Ça avait été dit en quelques secondes, d’un ton neutre, égal et monocorde, qui ne faisait pas la différence avec le reste. Comme pour une information que l’on oubliera en même temps qu’on coupe le son. Quelque chose qui ne fera pas date, sans mémoire, dont on ne reparlera pas. Juste un fait divers...
Mais pourtant... j’avais porté les mains à mon ventre avec comme une envie de vomir. À cause de l’impact. Insupportable fait divers. Malgré moi, l’anxiété projetait derrière mes yeux, juste là où il ne sert à rien de les fermer pour ne pas voir, une scène, des images, du son...
Là-bas, j’avais des amis. Et à la radio, ils n’avaient pas donné de noms.
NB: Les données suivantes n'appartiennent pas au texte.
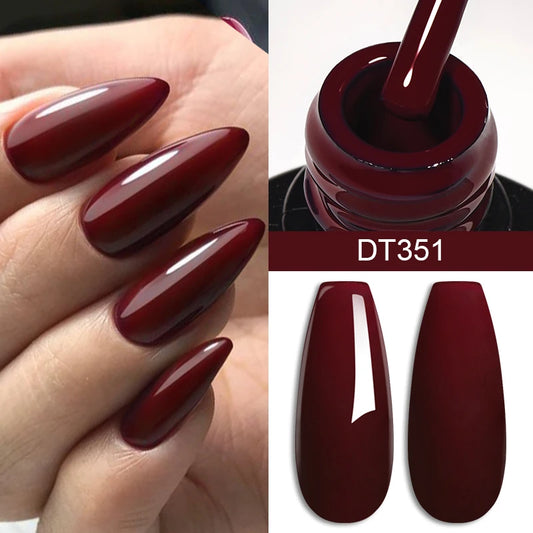 MEET ACROSS Gel Nail Polish — Long-Lasting French Style, 7ml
« Attaque d’un convoi de fonds en plein Paris. Sur le dix-huitième arrondissement. Ce matin. Les braqueurs qui ont pris la fuite ont abattu un convoyeur et deux fonctionnaires de police. »
Quelques années plus tard, je passais tous les jours devant leurs portraits accrochés au mur. Deux sourires en noir et blanc et en uniforme, deux jeunesses figées entre deux dates, le temps d’une mise à mort.
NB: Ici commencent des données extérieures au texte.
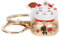 TOYANDONA 1Pc Fortune Chanceux Chat Porte- Clés Maneki Neko Pendentif Pendentif Fortune Chat Chaîne Clé pour Pending Decor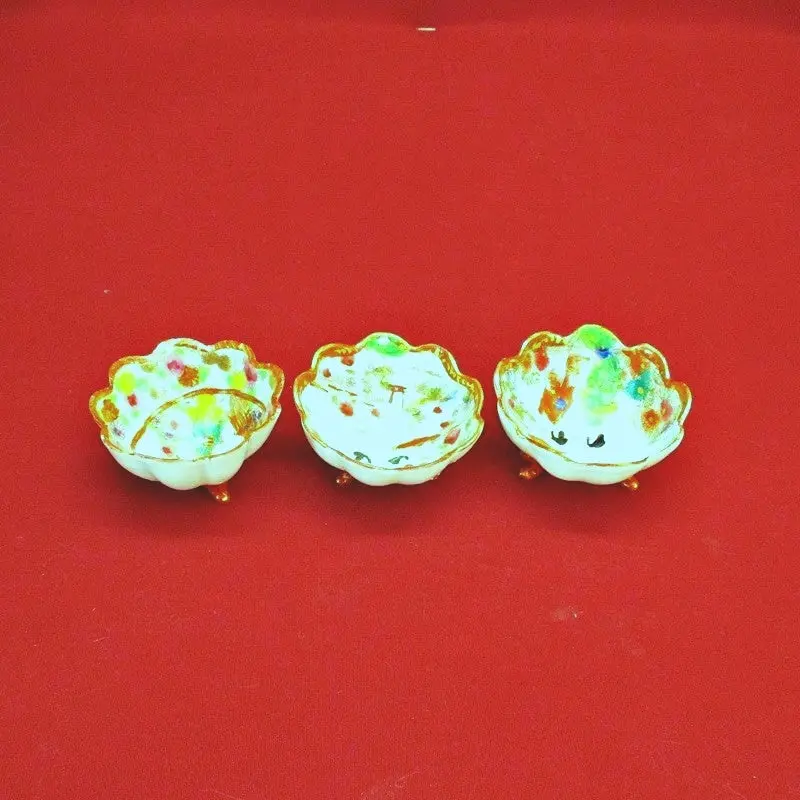 Hand Painted Geisha Salt Dip Bowl 1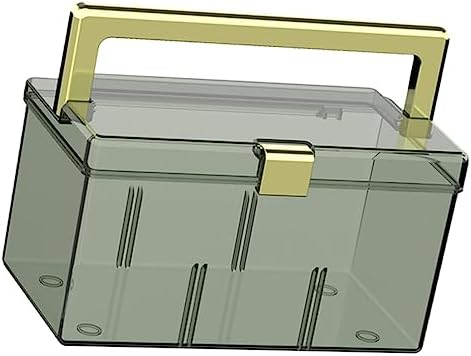 Capacity Portable Medicine Storage Box with Handle Durable Pet Material for Home and Travel Use Multi-Functional Sundries Organizer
Je connaissais bien l’endroit où le drame avait eu lieu, à l’angle de deux rues dans un quartier à l'avenir délabré, dont le seul charme était les habitants, mes voisins. C’était tout à coté de chez moi, et je passais souvent devant les impacts de balles laissés dans le béton, en forme de rafale, très précisément d’en bas à gauche vers la droite en haut. Le mur était resté tel quel, tout comme un trou dans un poteau où une balle était restée prisonnière. Ils étaient tombés là.
L’intervention n’avait pas duré très longtemps. Les braqueurs étaient lourdement armés, et très organisés. Il y a eu un échange de coups de feu, et les collègues ont été touchés.
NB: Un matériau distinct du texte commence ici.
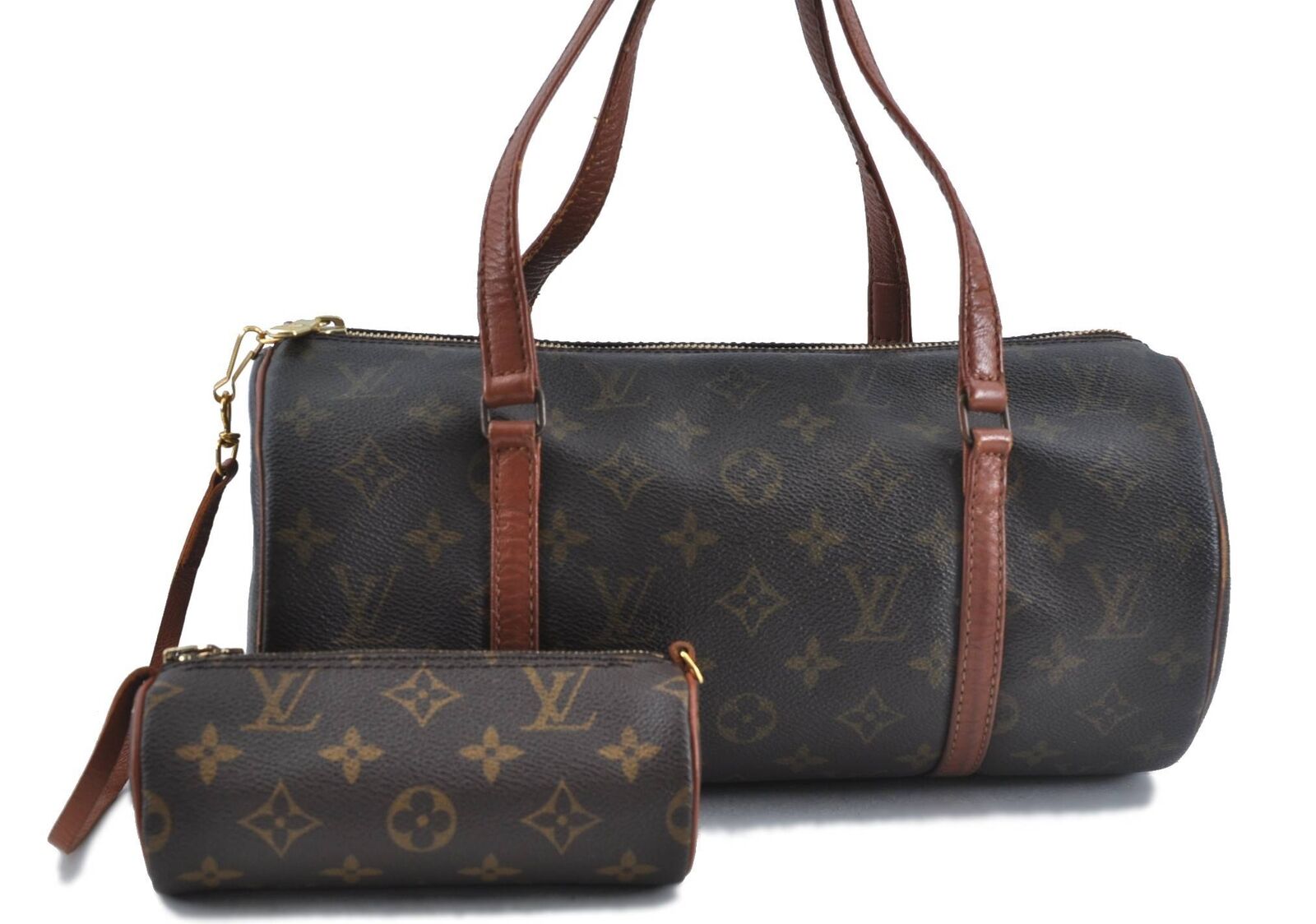 Authentic LOUIS VUITTON Monogram Papillon 30 Hand Bag Old Model LV H2472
Le premier a pris une balle en pleine tête, sa boite crânienne avait éclaté, éjectant son cerveau à plusieurs mètres de là. Le second, déjà atteint d’une balle et gravement blessé, tentait de se mettre à l’abri quand un des malfaiteurs s’était approché de lui. Avant d’essuyer une rafale, il avait eu le temps de passer un dernier message à la radio. « Dis-leur que ce sont des tueurs, et qu'ils m'ont achevé sur place… »
Un autre était parvenu à ramper sous un véhicule qui stationnait là. Avant de prendre la fuite, un des hommes avait mis un genou à terre, il avait aligné son pistolet mitrailleur très près du sol, et presque à bout portant, il avait tiré, ne transperçant que la manche de l’uniforme. Les autres avaient tenté une progression désespérée au milieu des coups de feu et des vitres de voitures qui volaient en éclat, incapables d’arriver jusqu’à cet épouvantable râle du collègue qui mourrait, perdant tout son sang sur le trottoir.
Les braqueurs avaient réussi à prendre la fuite, et peu après, avec la cohorte des enquêteurs et commissaires, le préfet de police était arrivé sur place. Il s’était ému du fait que les policiers intervenants n’avaient pas le képi sur la tête, et en avait fait la remarque à un officier…
Tous les ans, à la date anniversaire, on organisait une minute de silence, au pied de ce mur criblé de balles. A plusieurs reprises, il avait été réclamé l’autorisation d’accrocher là, une petite plaque avec les deux noms de nos collègues. Et à chaque fois, on nous opposait un refus. Le mur appartenait à la SNCF m’avait-on dit, et ils ne voulaient pas qu’en y mettant une plaque, on le saccage, qu’on fasse des trous dedans.
Alors on a gardé les deux noms au chaud avec nous, sur le mur du poste de police, à coté des autres flics morts.